> Task prompt:
Only one stretch of the data is wanted: the line containing "Черный котёнок стоит", the line containing "powerful mountain brook", and every line between them, copied exactly.

> Extracted data:
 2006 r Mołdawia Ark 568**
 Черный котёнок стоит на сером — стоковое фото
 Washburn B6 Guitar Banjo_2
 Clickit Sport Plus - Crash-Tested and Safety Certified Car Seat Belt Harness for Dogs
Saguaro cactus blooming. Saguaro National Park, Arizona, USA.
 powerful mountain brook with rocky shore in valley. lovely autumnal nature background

==

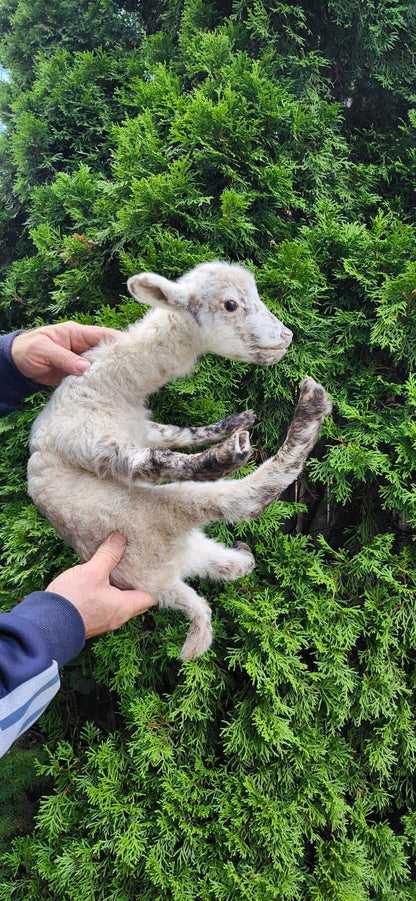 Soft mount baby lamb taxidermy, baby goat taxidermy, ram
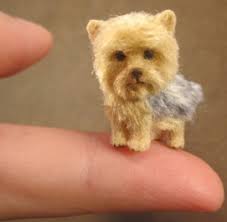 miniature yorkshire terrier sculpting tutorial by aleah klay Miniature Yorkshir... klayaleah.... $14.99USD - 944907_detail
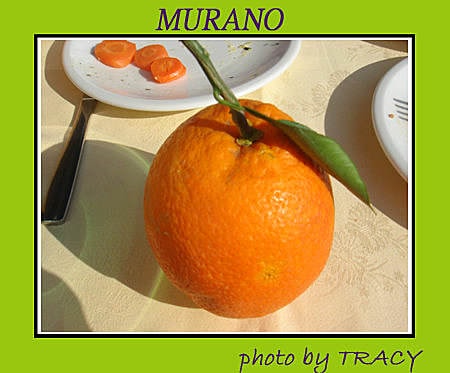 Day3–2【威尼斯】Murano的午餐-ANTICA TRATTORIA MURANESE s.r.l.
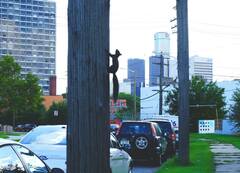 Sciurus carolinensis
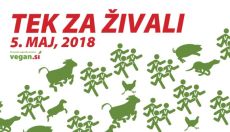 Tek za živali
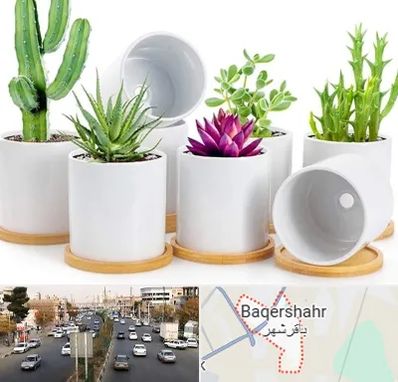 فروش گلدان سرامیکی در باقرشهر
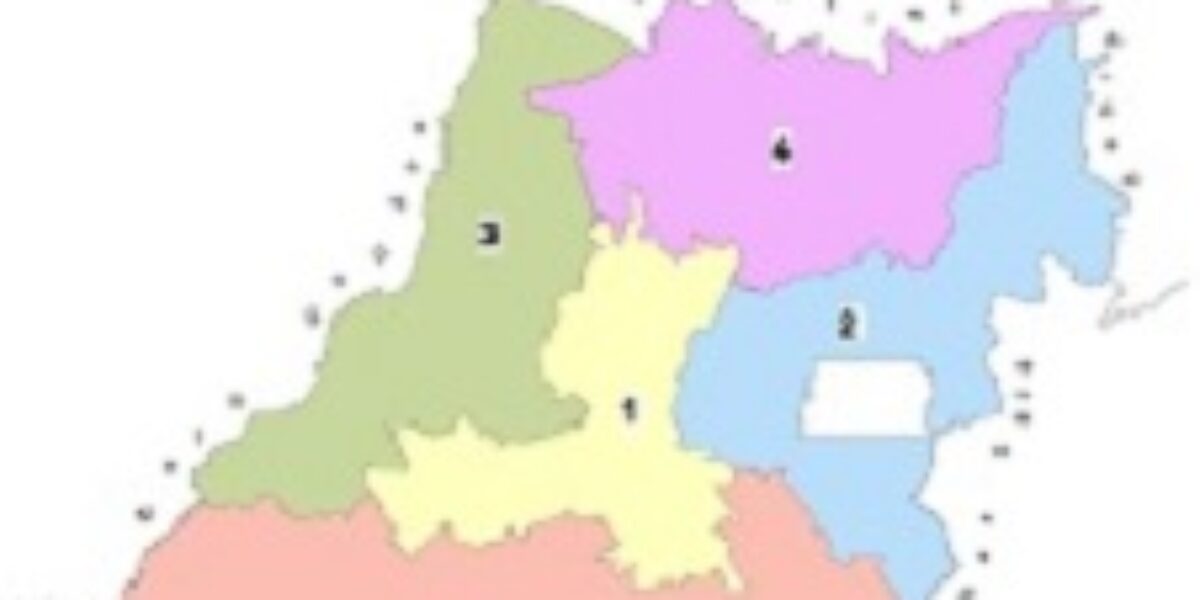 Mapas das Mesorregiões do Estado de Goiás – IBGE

==

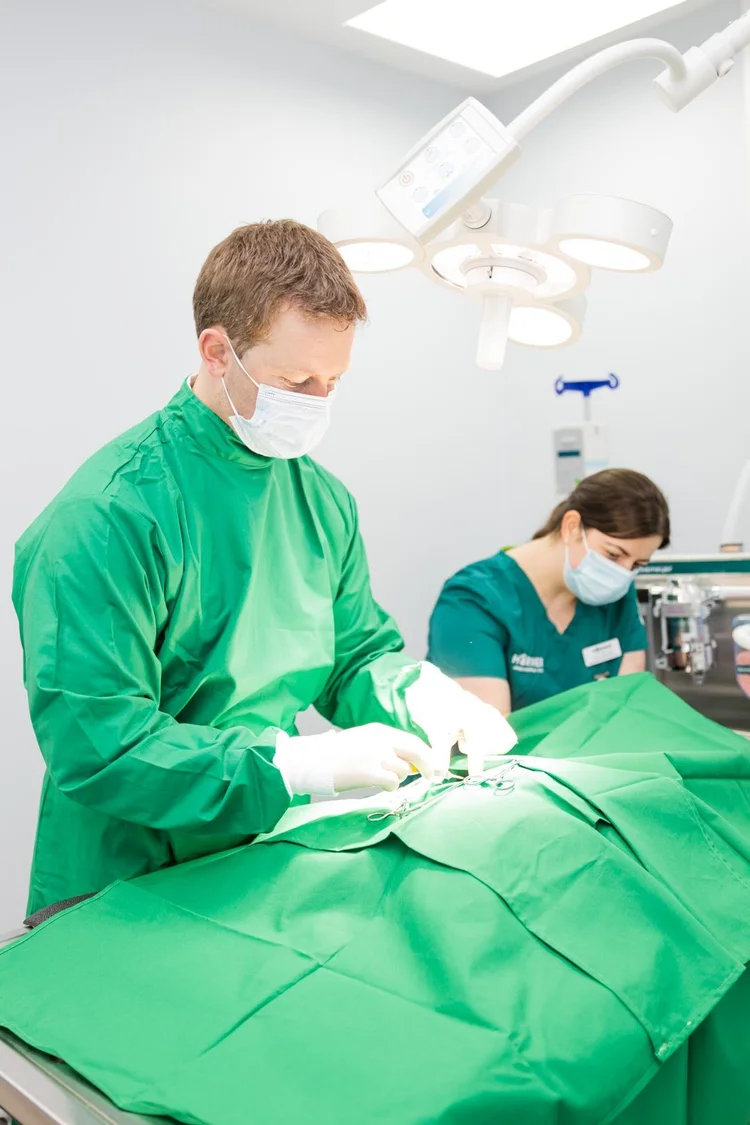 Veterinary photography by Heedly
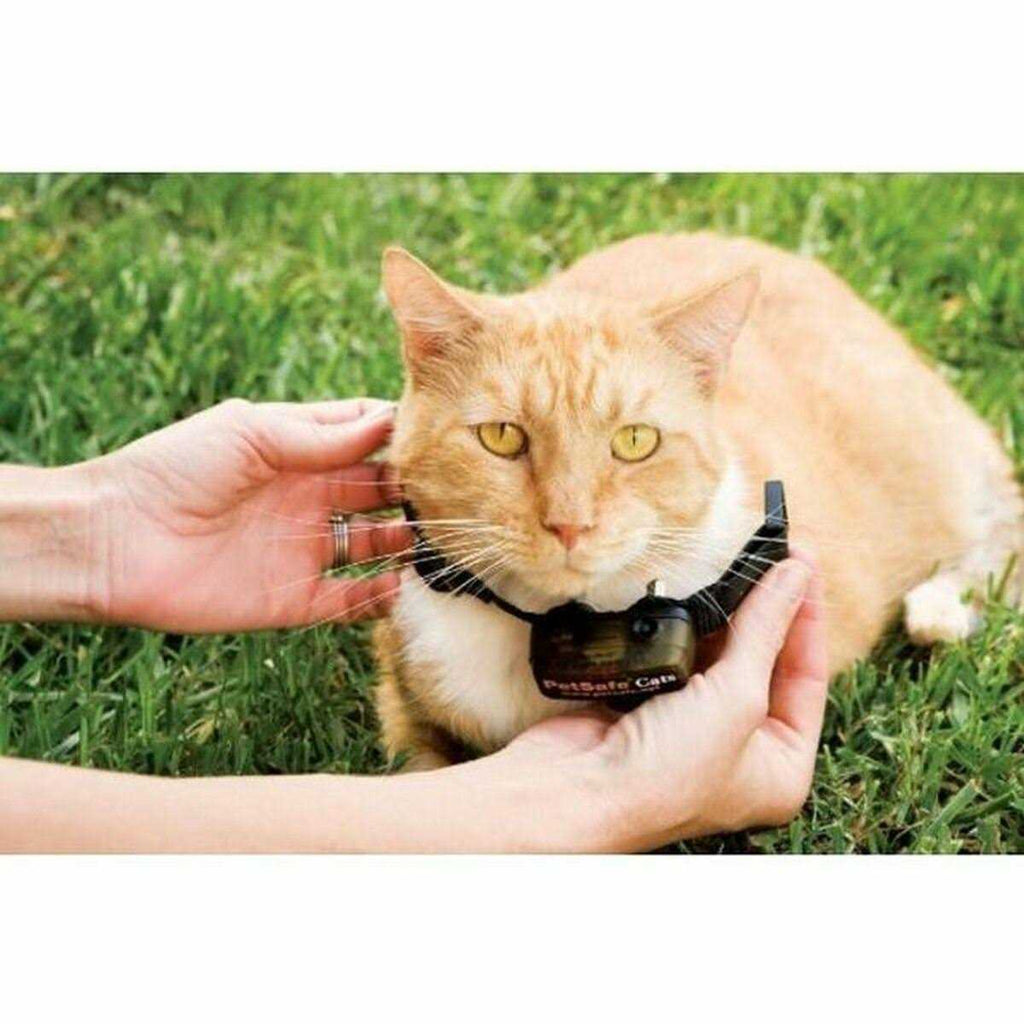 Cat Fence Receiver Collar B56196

> Response to this exercise:
 Черный котёнок стоит на сером — стоковое фото
 Washburn B6 Guitar Banjo_2
 Clickit Sport Plus - Crash-Tested and Safety Certified Car Seat Belt Harness for Dogs
Saguaro cactus blooming. Saguaro National Park, Arizona, USA.
 powerful mountain brook with rocky shore in valley. lovely autumnal nature background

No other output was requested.